28 Mars 2011

L' AIGUILLE VERTE

François Marsigny dans le couloir couturier

Ayant eu l’occasion de refaire le couloir Couturier l’autre jour à l’Aiguille Verte, je me disais que le massif recelait de nombreux itinéraires magnifiques de difficultés raisonnables. Pour autant, malgré une certaine banalisation cet hiver d’itinéraires plus difficiles, due au fait de conditions particulièrement favorables, je n’aborde pas ces longues voies de neige et glace sans une certaine préparation et quelque appréhension. A l’image de ce couloir Couturier dont l’accès exposé aux séracs menaçants du couloir Cordier doit questionner tout alpiniste qui souhaite entreprendre cette course. Si une bonne préparation ne peut rien contre les chutes de séracs, elle contribue néanmoins grandement au succès de l’entreprise. Prendre des renseignements et lire les topos est souvent un passage obligé, avant de se lancer dans une ascension. Bien qu’ayant gravi plusieurs fois ce couloir je n’ai pas dérogé pas à cette règle en appelant des copains l’ayant réalisé dans les jours précédents. Une fois lancé dans l’entreprise le doute initial doit laisser la place à l’action.
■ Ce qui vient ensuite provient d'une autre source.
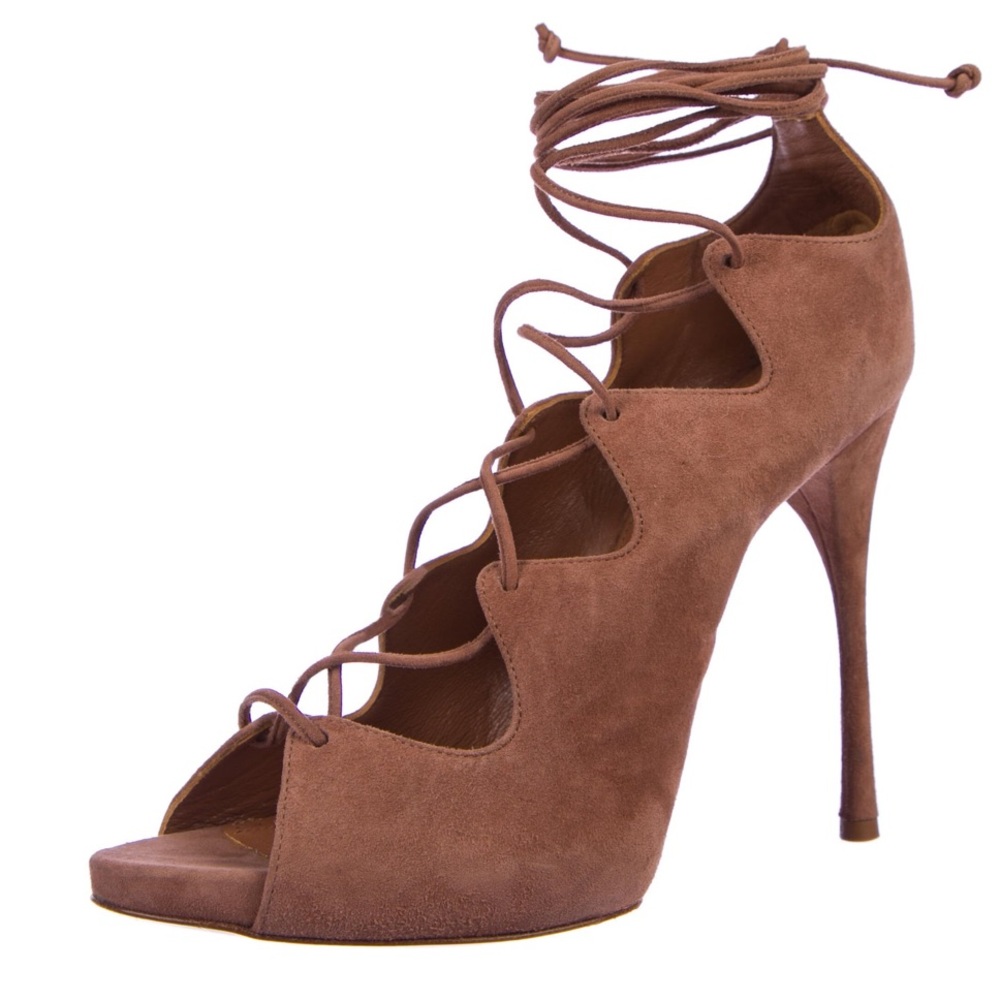Alaïa Lace up Stiletto Heel in Chamois Suede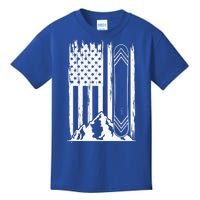 Snowboarding American Flag Kids T-Shirt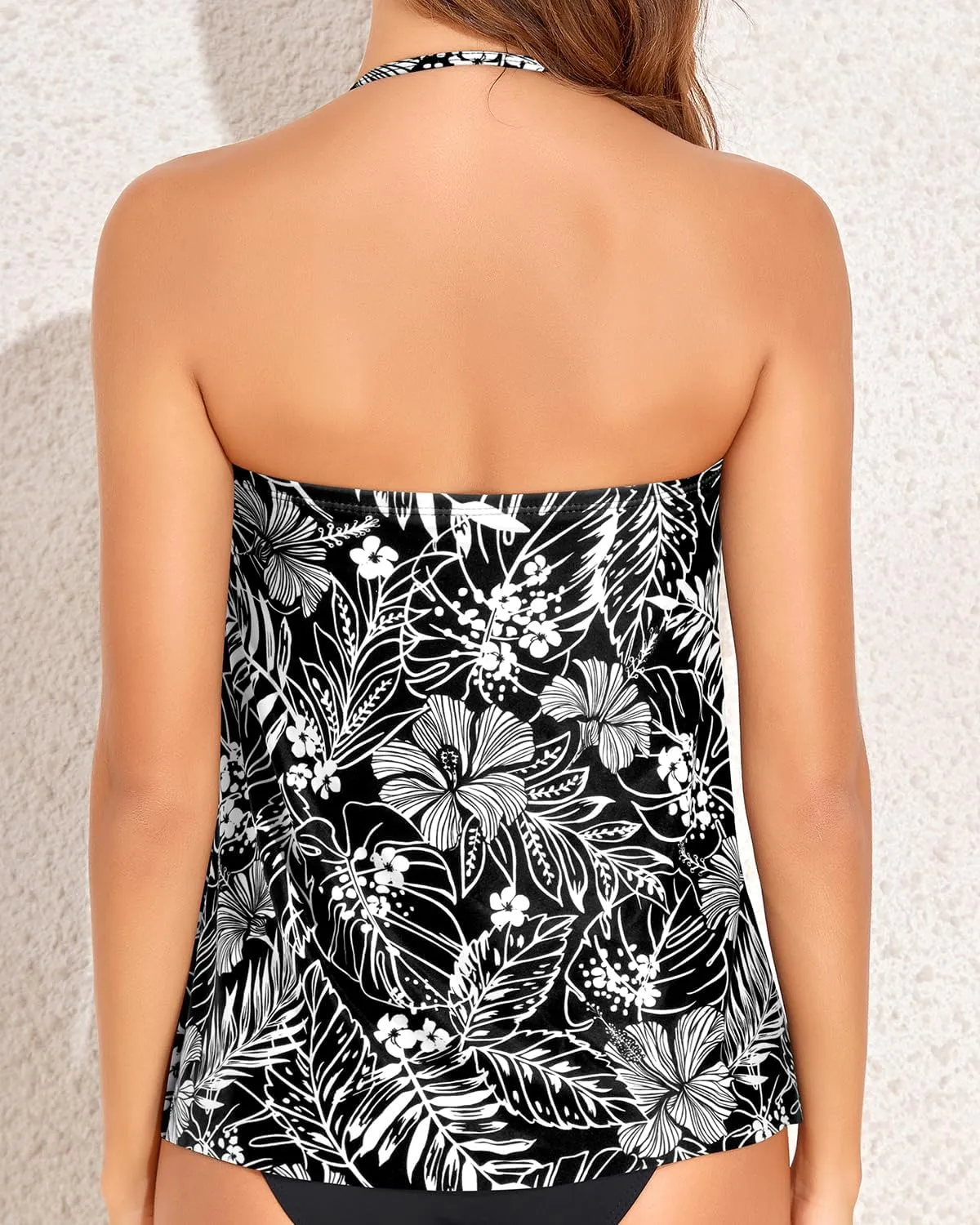 Tempt Me Bandeau Tankini Tops for Women Strapless Bathing Suit Top Halter Flyaway Swimsuit Top Only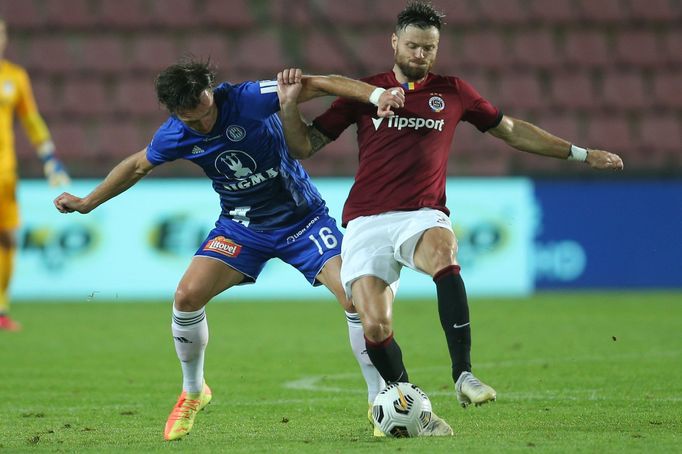 Martin Nešpor a Ondřej Čelůstka v zápase 2. kola F:L Sparta - Olomouc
Malgré l’apparente facilité de la ligne d’ascension, le couloir lui-même, l’inclinaison étant raisonnable, d’autant plus que l’on dispose d’un équipement que les premiers ascensionnistes n’avaient pas, on se trouve vite sur des pentes " pètent mollets " si l’on ne choisit pas au mieux son itinéraire, en utilisant au maximum les traînées de neige existantes pour éviter de trop longues sections de glace. On a beau avoir été sur bien des sommets du monde, avoir fait des courses bien plus difficiles, la Verte reste un moment fort dans la vie d’un alpiniste. Du haut de ses 4121 m. on domine la vallée et le bassin d’Argentière avec une vue à 360° exceptionnelle. Pour un peu, selon l’heure à laquelle on sort au sommet, on pourrait se croire sur une montagne originelle, loin, très loin du monde des hommes que l’on domine. Il vrai qu’il reste une descente complexe à entreprendre avant de le rejoindre. Et comme le dit si bien Rébuffat : " A la Verte on devient montagnard ".